A simple, ready-to-deploy template for creating a streaming data ingestion pipeline on AWS. This project provides a straightforward architecture that allows you to quickly set up and test a data ingestion system without excessive complexity.
The purpose of this project is to provide a quickstart for creating a simple streaming ingestion pipeline that you can evolve from there. All design choices prioritize simplicity for demonstration purposes while still delivering a working and scalable solution.
The pipeline consists of the following AWS components:
- API Gateway (HTTP API): Receives incoming data via REST endpoints
- Lambda Function: Processes and validates incoming data
- Kinesis Data Firehose: Buffers and delivers data to storage
- S3 Bucket: Stores the ingested data with lifecycle policies
- Secrets Manager: Securely stores API authentication keys
- IAM Roles: Provides necessary permissions for all components
- Simple HTTP API: Easy-to-use REST endpoint for data ingestion
- API Key Authentication: Secure access control using custom API keys
- JSON Data Processing: Handles JSON payloads with automatic timestamp addition
- Automatic Buffering: Kinesis Firehose buffers data before writing to S3
- Cost Optimization: S3 lifecycle policies automatically transition data to cheaper storage classes
- Error Handling: Comprehensive error handling and logging
- Scalable: Serverless architecture that scales automatically with demand
This pipeline is designed to ingest text-based data, primarily JSON payloads. It's not suitable for binary data.

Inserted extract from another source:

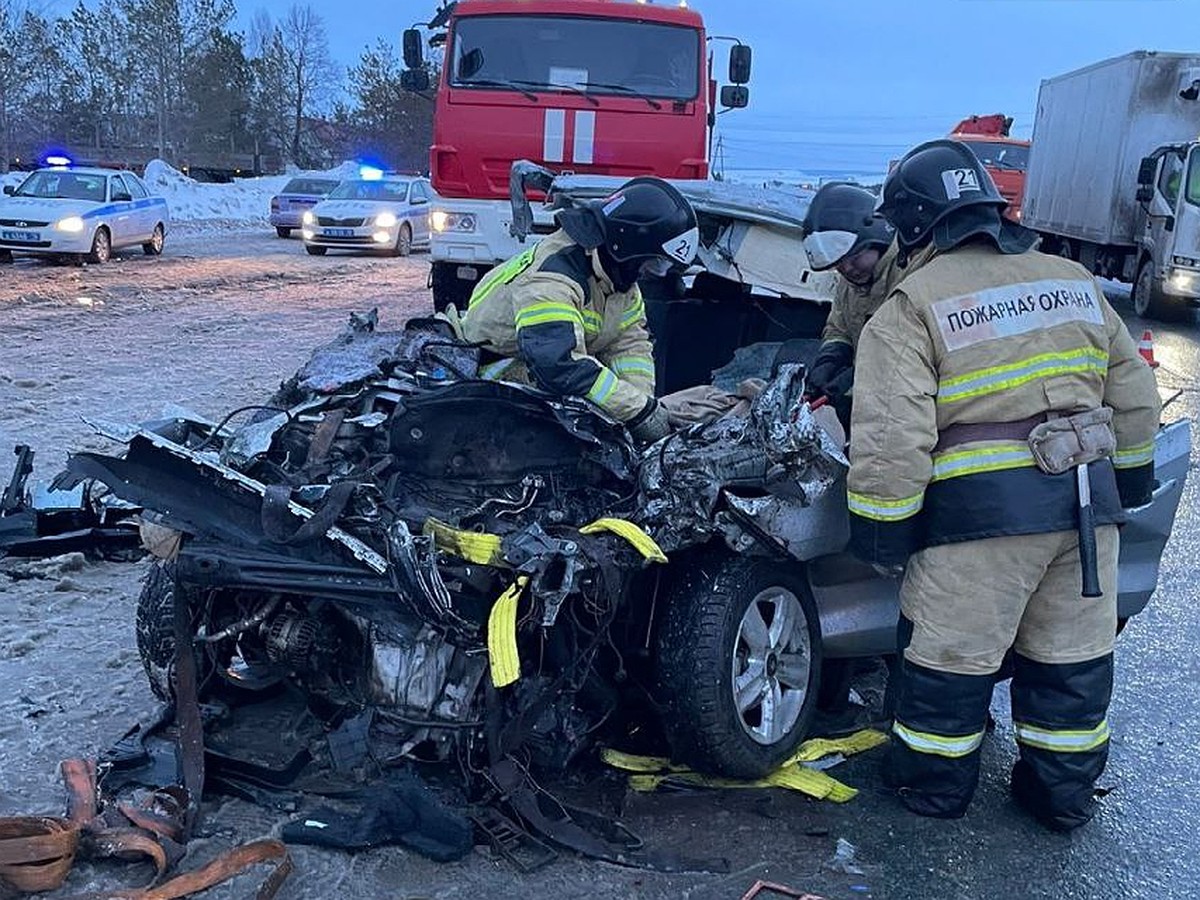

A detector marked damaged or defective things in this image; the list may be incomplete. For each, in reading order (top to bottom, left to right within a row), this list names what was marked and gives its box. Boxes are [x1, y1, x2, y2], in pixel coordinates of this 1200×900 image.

Example of supported data:
{
"message": "sensor reading",
"value": 42,
"device_id": "sensor_001"
}The Lambda function will automatically add a timestamp if not provided:
{
"message": "sensor reading",
"value": 42,
"device_id": "sensor_001",
"timestamp": "2025-07-08T10:00:00.000Z"
}- IoT Data Collection: Collect sensor readings and device telemetry
- Application Event Logging: Stream application events and user interactions
- Real-time Analytics: Feed data into analytics pipelines
- Data Lake Ingestion: Simple entry point for building data lakes
- Learning and Prototyping: Educational tool for understanding AWS streaming services
Before deploying this template, ensure you have:
- AWS CLI installed and configured with appropriate credentials
- AWS Account with sufficient permissions to create:
- S3 buckets
- Lambda functions
- API Gateway resources
- Kinesis Firehose delivery streams
- IAM roles and policies
- Secrets Manager secrets
- Basic AWS knowledge of CloudFormation and serverless services
-
Clone or download this repository to your local machine
-
Deploy the main ingestion pipeline:
aws cloudformation create-stack \ --stack-name simple-stream-ingestion \ --template-body file://data-ingestion-pipeline.yaml \ --parameters ParameterKey=ProjectName,ParameterValue=my-ingestion \ ParameterKey=ApiKey,ParameterValue=your-secure-api-key-here \ --capabilities CAPABILITY_IAM \ --region us-east-1 -
Wait for deployment to complete:
aws cloudformation wait stack-create-complete \ --stack-name simple-stream-ingestion \ --region us-east-1 -
Get the API endpoint from the stack outputs:
aws cloudformation describe-stacks \ --stack-name simple-stream-ingestion \ --query 'Stacks[0].Outputs' \ --region us-east-1
-
Open the AWS CloudFormation Console
- Navigate to AWS CloudFormation Console
-
Create a new stack:
- Click "Create stack" → "With new resources (standard)"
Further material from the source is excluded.